A direct formula for $f'_k$ can be obtained by multiplying together the appropriate widgets; first, $D$ can be written as

$D_3 = \left(\begin{array}{ccccccc} 0 & 0 & -1 & 0 & +1 & 0 & 0 \\ 0 & -1 & 0 & 0 & 0 & +1 & 0 \\ -1 & 0 & 0 & 0 & 0 & 0 & +1\end{array}\right)\left(\begin{array}{c}f_{k-3} \\ f_{k-2} \\ f_{k-1} \\ f_k \\ f_{k+1} \\ f_{k+2} \\ f_{k+3}\end{array}\right)$

(The pattern should be obvious). Given this, a direct formula for $f'_k \approx f'(x)$ is:

$O(\epsilon^{2n-1}) + f'_k = \frac{\mathbf{e}_1^\dagger(A_n^{-1} D_n )f_n}{\epsilon}$

where $D_n$ is the $n$th-order differencing matrix, $A_n$ is the $n$th-order Taylor difference matrix (defined above), $\mathbf{e}_1$ is a $n \times 1$ vector with a 1 in the first position only, and zeros everywhere else, and $f_n$ is the vector of function evaluations at $f(x - n\epsilon), f(x - (n-1)\epsilon), \dots, f(x + (n-1)\epsilon), f(x + n\epsilon)$.  The numerator can be precomputed for very fast evaluation. In fact, for the 13th-order approximation, the quadrature vector is

$q_{7} = \frac{1}{360360} \left(\begin{array}{c} -15 \\ 245 \\ -1911 \\ 9555 \\ -35035 \\ 105105 \\ -315315 \\ 0 \\ 315315 \\ -105105 \\ 35035 \\ -9555 \\ 1911 \\ -245 \\ 15\end{array}\right)$

The approximate partial derivative in the direction of $x + \epsilon$ would then be $\frac{q_{7}^\dagger f_7}{||\epsilon||}$.

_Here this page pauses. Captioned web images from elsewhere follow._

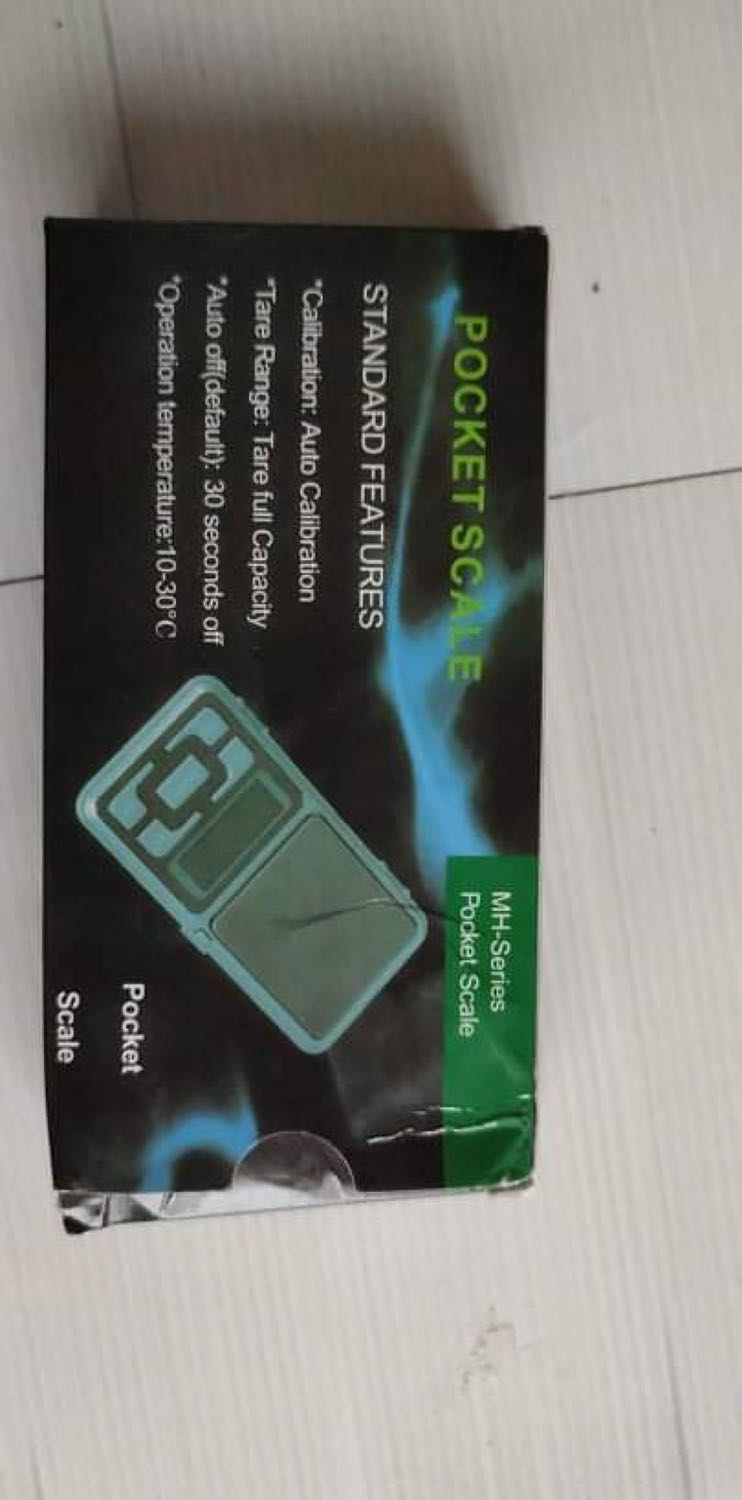 Quá thất vọng đặt hàng thì gửi về mẫu khác éo phải làm ăn như thế này thì k có khách nào lsau mua đâu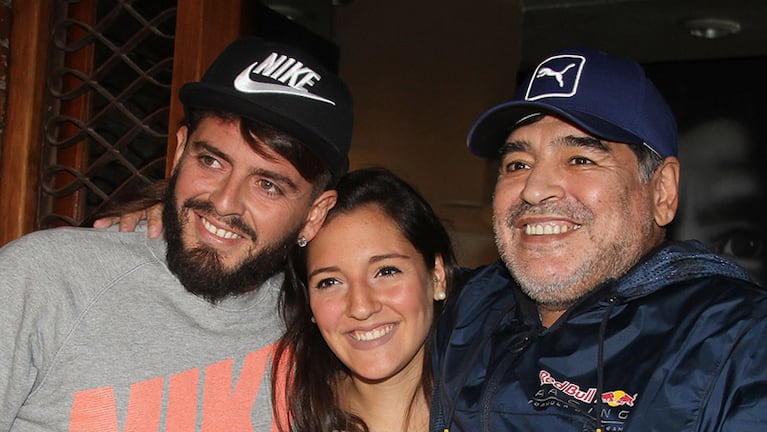 Diego Jr. y Jana junto a su papá Diego Maradona. 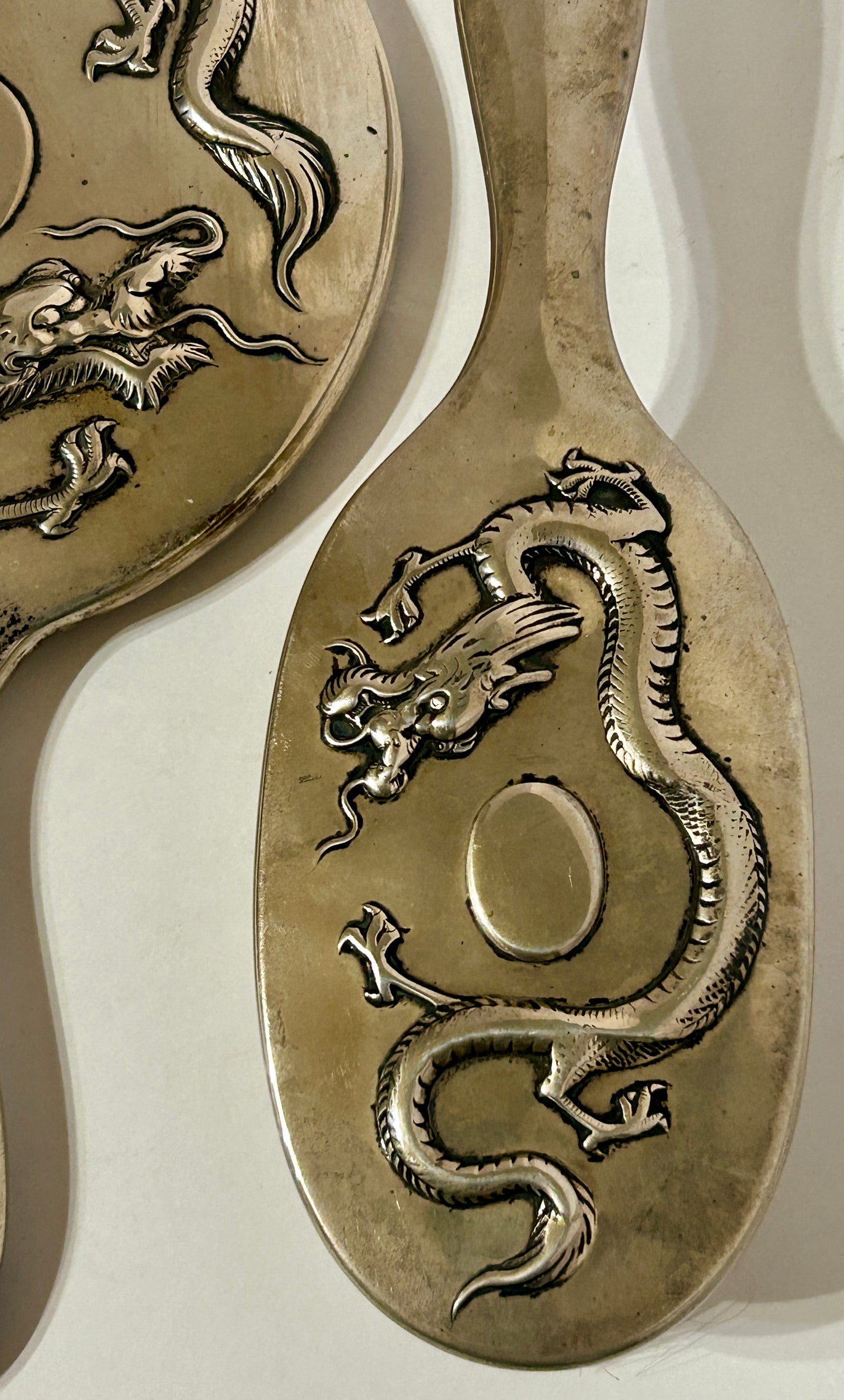 ANTIQUE CHINESE STERLING SILVER BRUSH AND MIRROR WITH 4 TOE DRAGON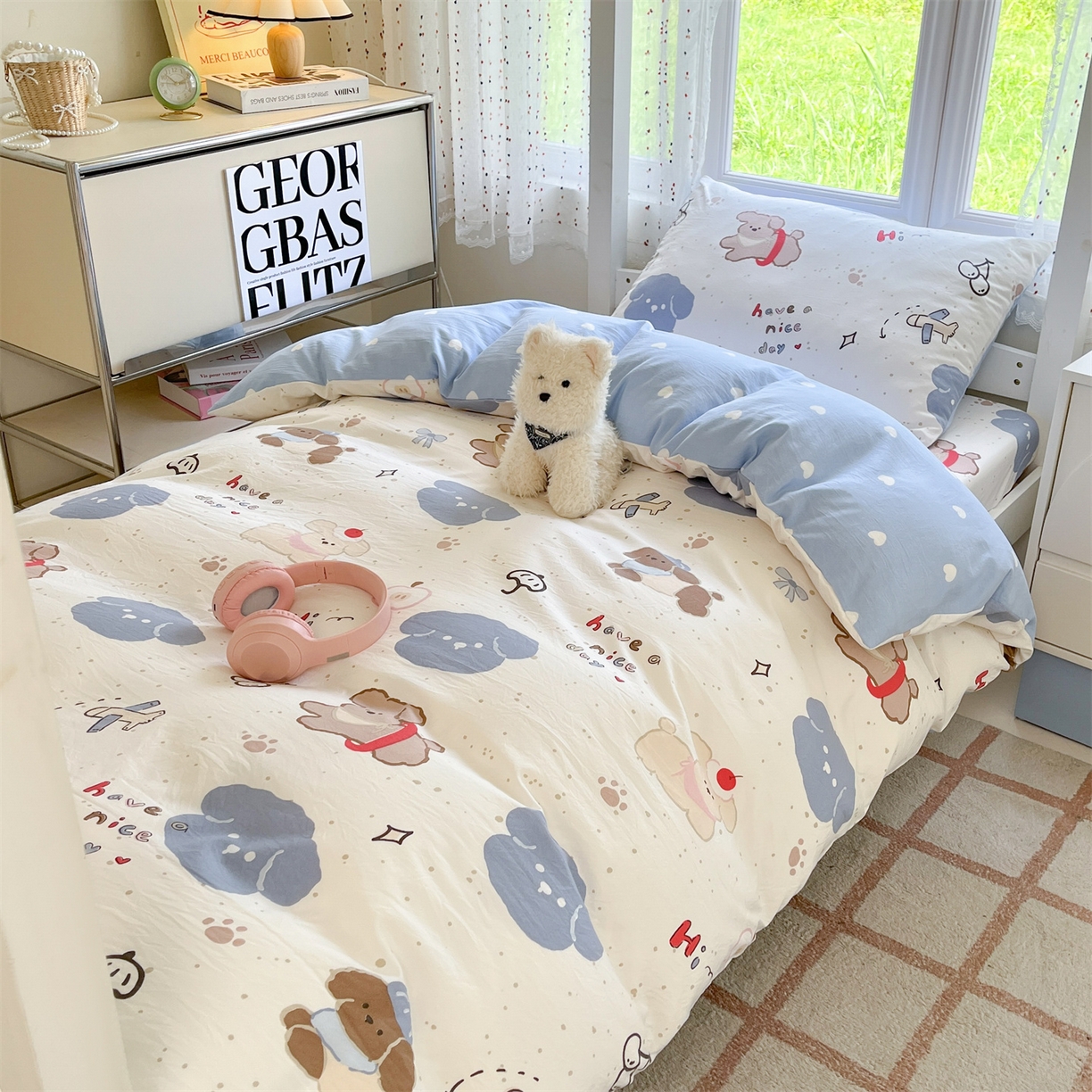 91家纺网 家纺一手货源 找家纺 盛秋家纺 2025新款水洗棉卡通学生小三套套件 开心乐园+蓝爱心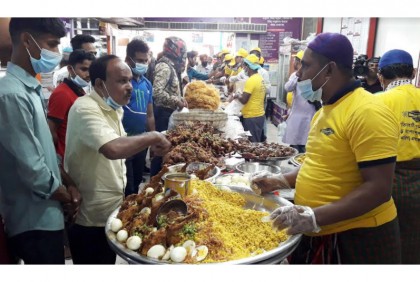 বগুড়ায় ইফতারে এখনো জনপ্রিয় সাদা দই 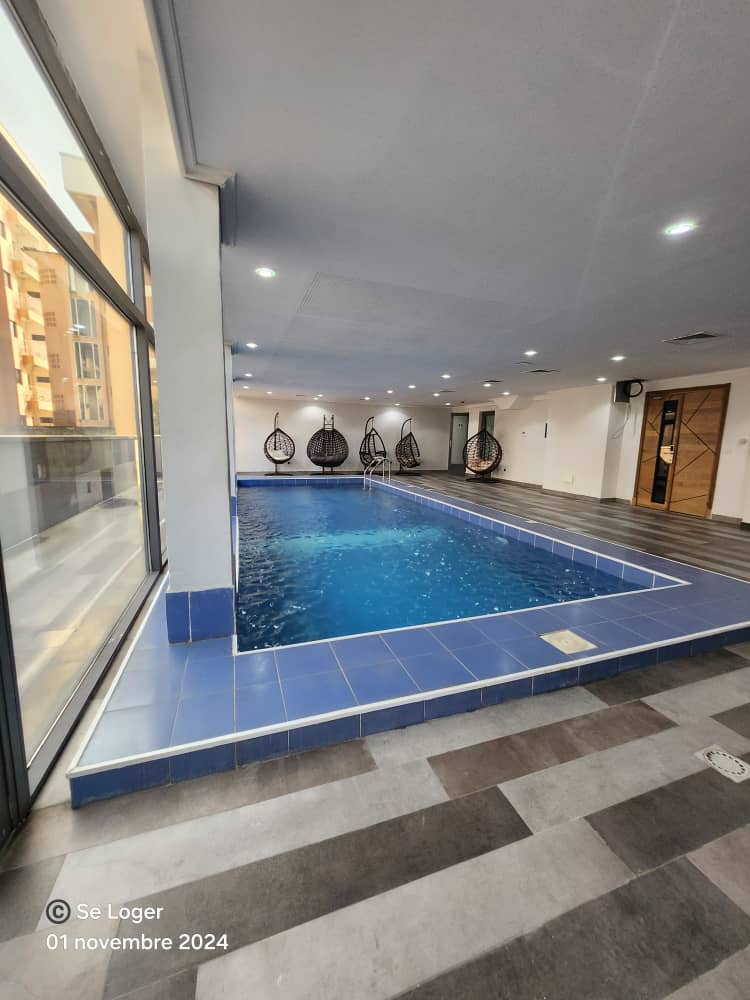 Apartment to rent - Douala, Bonapriso, Hydrocarbures - 1 living room(s), 2 bedroom(s), 3 bathroom(s) - 1 500 000 FCFA / month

Update: Here’s a plot of the error of this for the function $f(x) = \sin(\pi * x^2)$


q7 = 1/360360 * c(-15, 245, -1911, 9555, -35035, 105105, -315315, 0, 315315, -105105, 35035, -9555, 1911, -245, 15)

x = 1:10000/2000

f <- function(x) { sin(pi * x^2)}

df <- function(x) { cos(pi * x^2) * 2 * pi * x}

err <- sapply(1:9000, function(i){t(q7) %*% f(x)[i + 1:15]/(x[2] - x[1]) - df(x)[i + 8]})

plot(x[8 + 1:9000], err, type='l', ylab='absolute error', bty='n', xlab='x')



So pretty low error. It blows up towards the end, but then again, so does $f^{(13)}(x)$.